What you need to do »
All of the data, word for word and free of pictures, is the expected result.

Dataset section »
▼

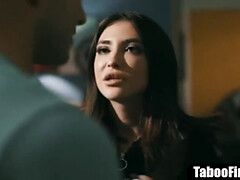 Шантаж, Минет, Брюнетки, Лесбиянка, Лизание, Молоденькие, Втроем, Сиськи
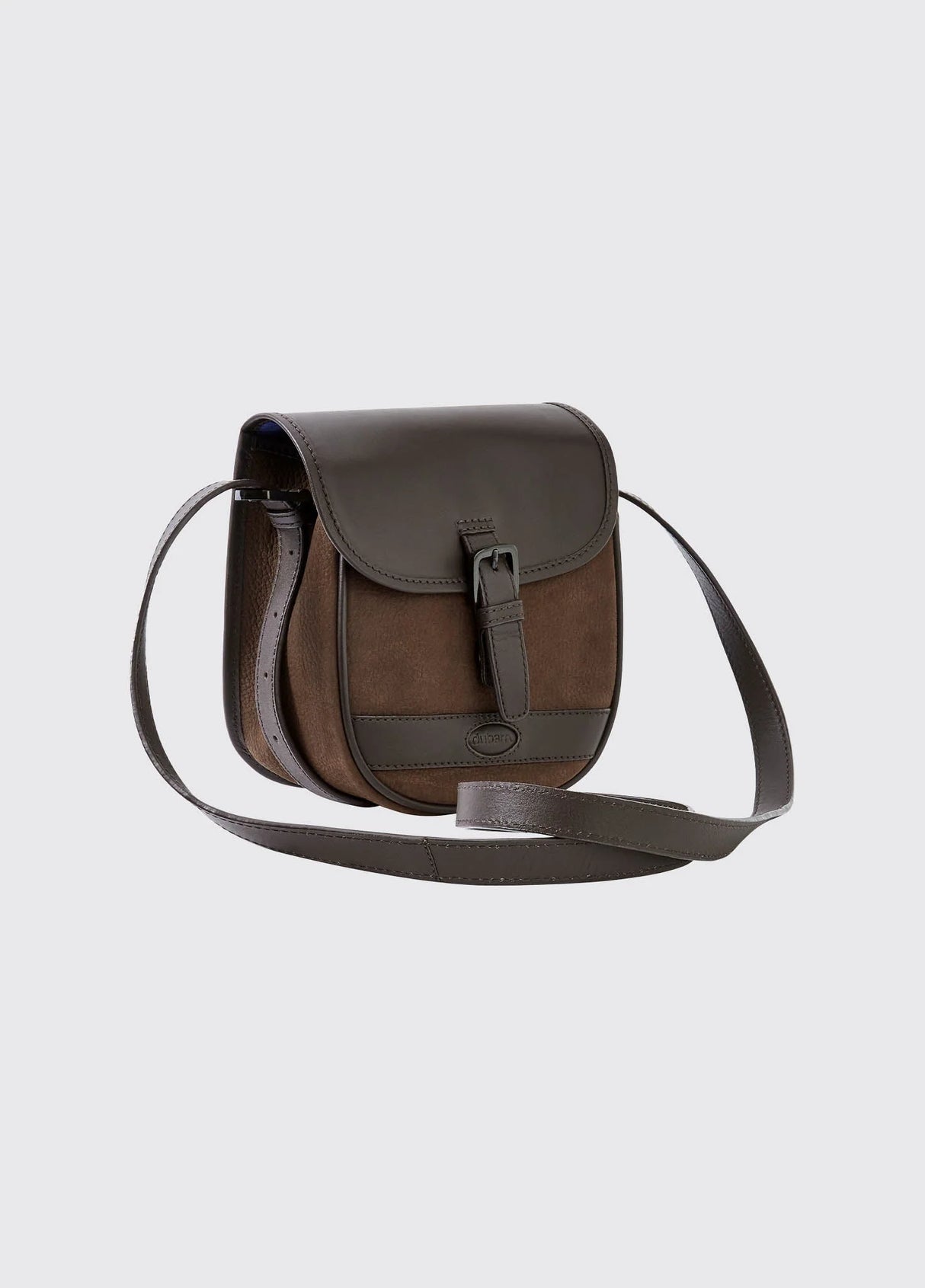 Dubarry Ballymena schoudertas, walnut
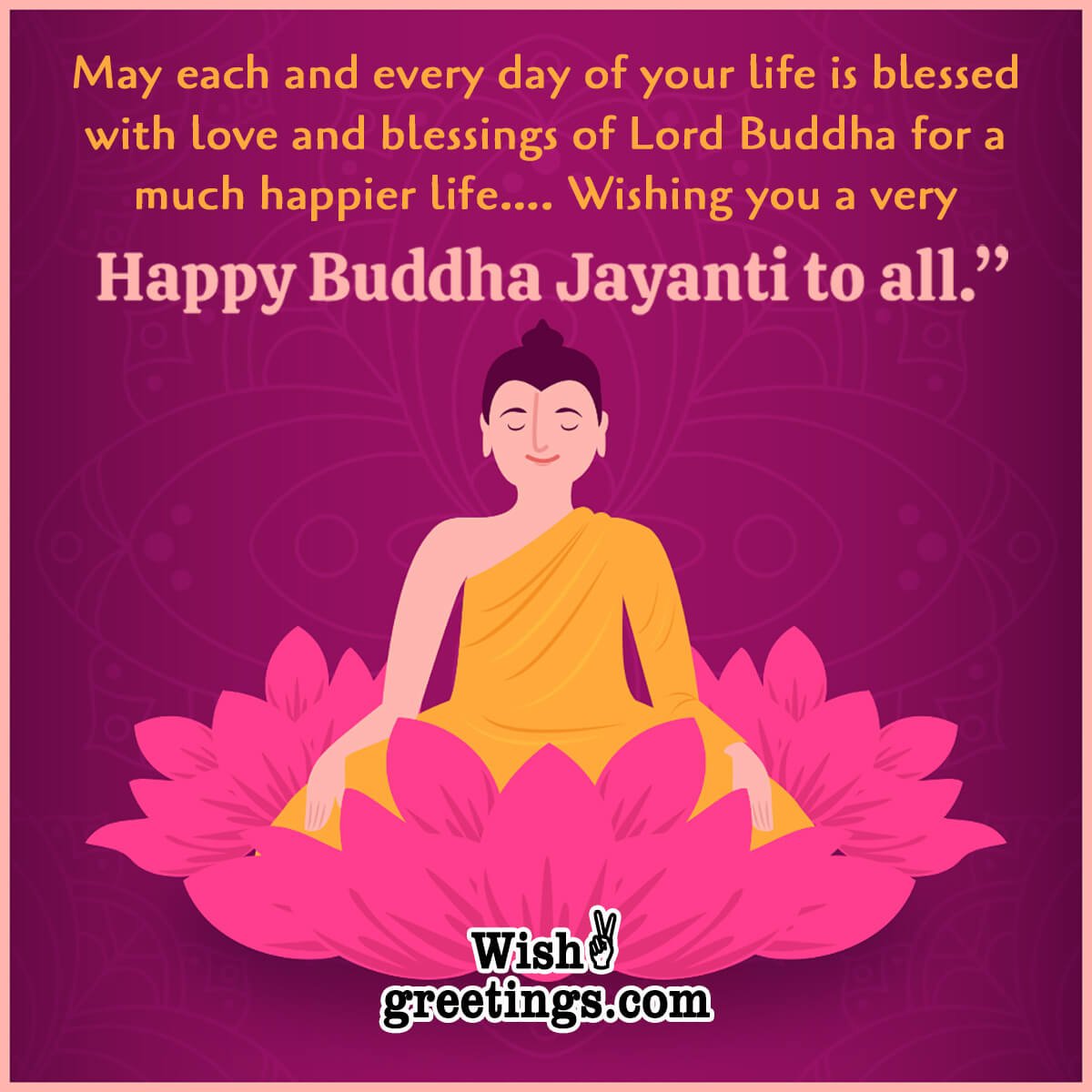 Happy Buddha Jayanti Wishes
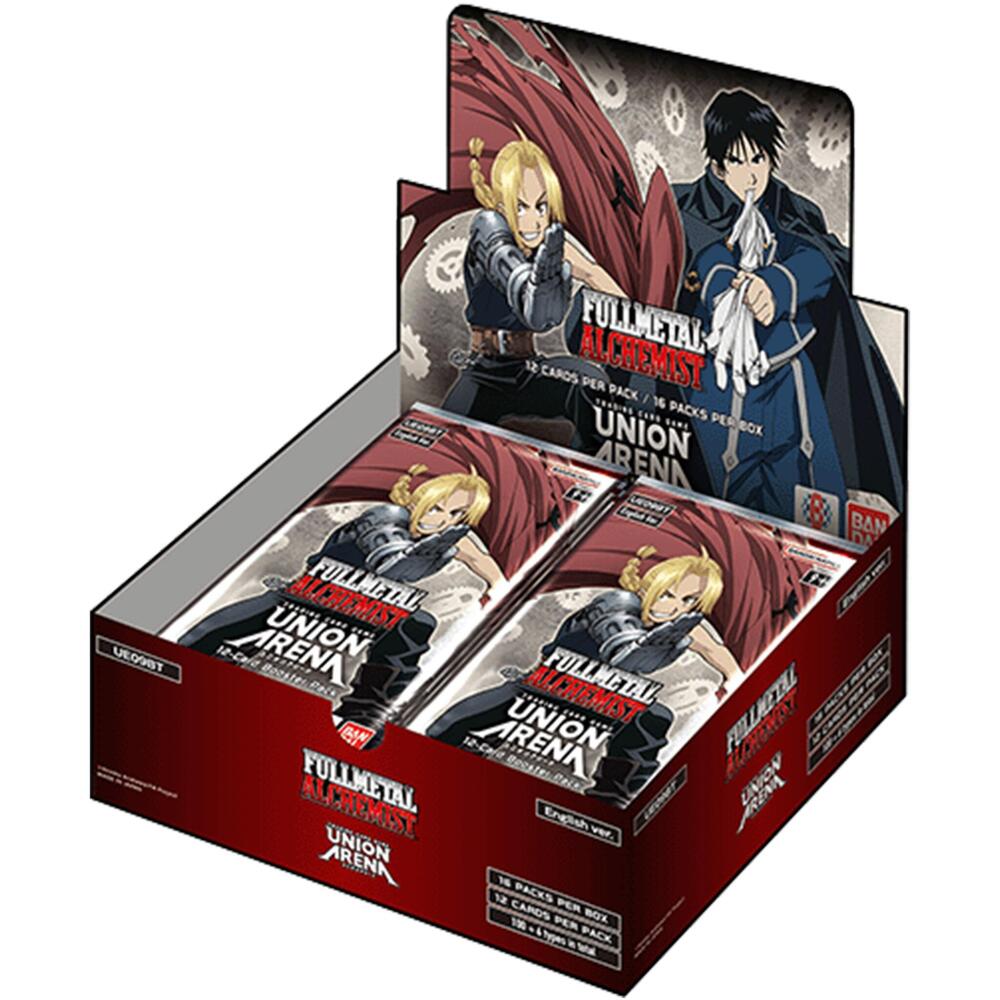 UNION ARENA: FULLMETAL ALCHEMIST BOOSTER BOX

▲

Output of the task »
 Шантаж, Минет, Брюнетки, Лесбиянка, Лизание, Молоденькие, Втроем, Сиськи
 Dubarry Ballymena schoudertas, walnut
 Happy Buddha Jayanti Wishes
 UNION ARENA: FULLMETAL ALCHEMIST BOOSTER BOX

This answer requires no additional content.